[INFORMATION — start]

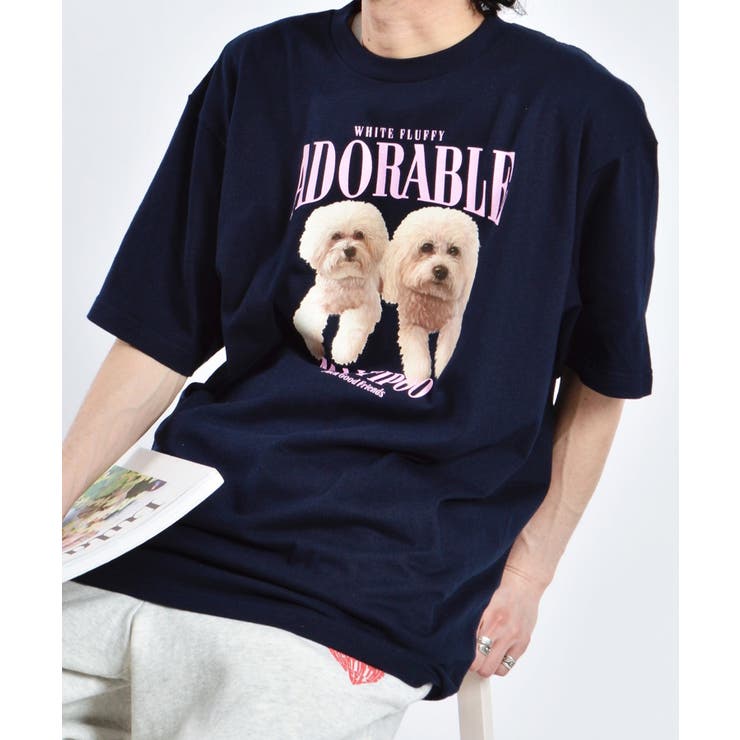 アニマルプリントTシャツ DOGプリント | ＆soiree | 詳細画像30 
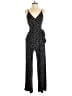 Kaileigh Polka Dots Black Jumpsuit Size S - photo 1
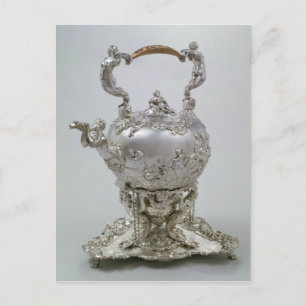 Tea kettle and stand by C.Kandler, London, 1730 Postcard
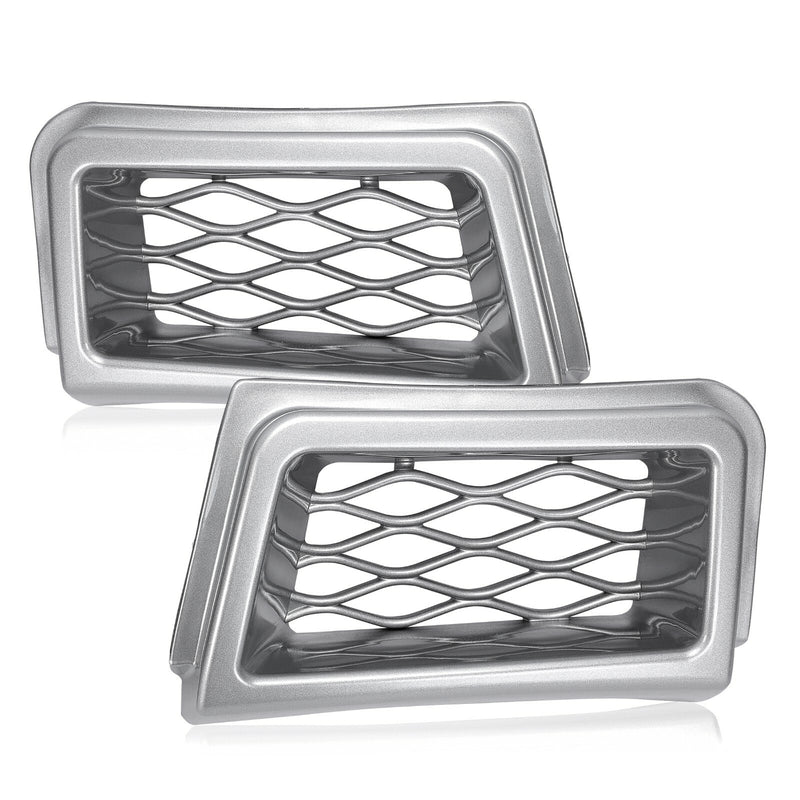 Bumper Caliper Air Duct Left Right Pair for 2003-2007 Chevrolet Silverado SS-Style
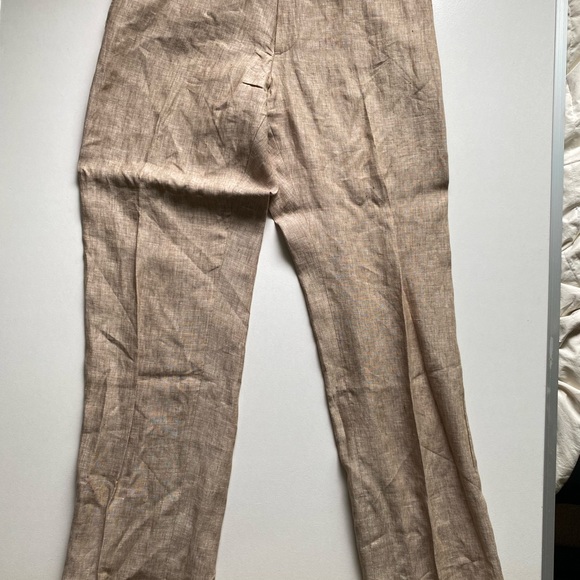Tan linen Banana Republic pants 35 waist 34 length - Picture 2 of 4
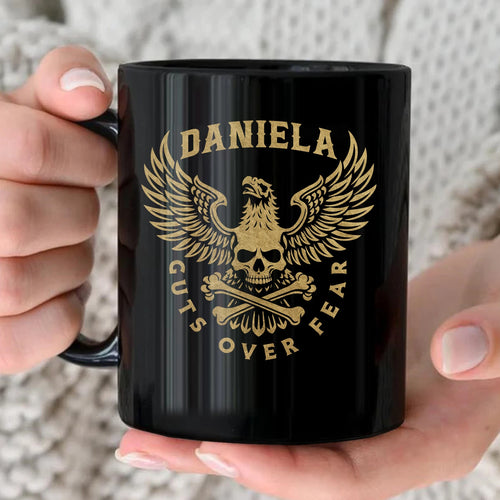 Guts Over Fear Eagle And Skull Mug DANIELA 13K1 MG28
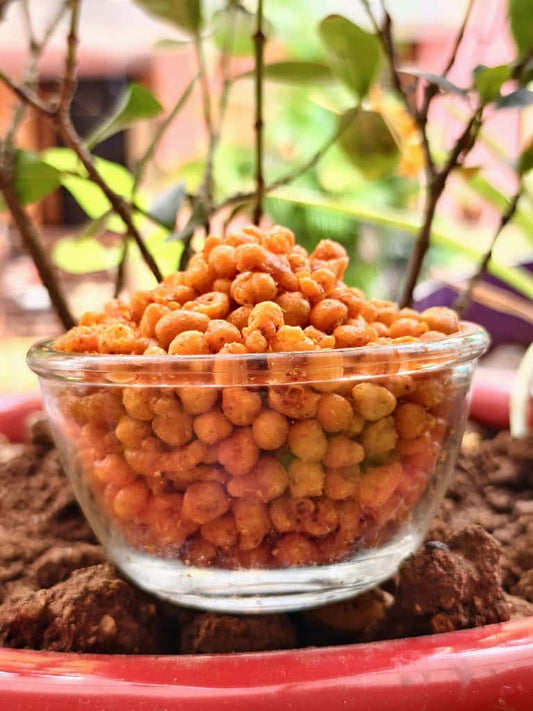 Tikhi boondi - Made with besan - crunchy and spicy with hing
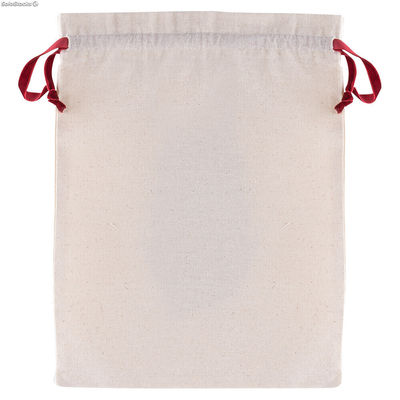 Bolsa algodón con cintas de terciopelo - Foto 3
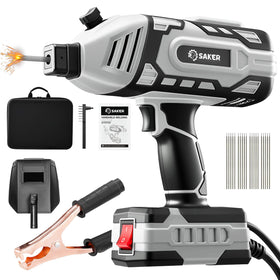 Saker portable welder 110V with IGBT inverter for stable arc during DIY welding.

[INFORMATION — finish]

-- ASSIGNED TASK --
The lines from the one containing "Bolsa algodón con" through the end of the data above are to be copied exactly, both ends included, and pictures are to be omitted.

-- FINISHED TASK --
 Bolsa algodón con cintas de terciopelo - Foto 3
 Saker portable welder 110V with IGBT inverter for stable arc during DIY welding.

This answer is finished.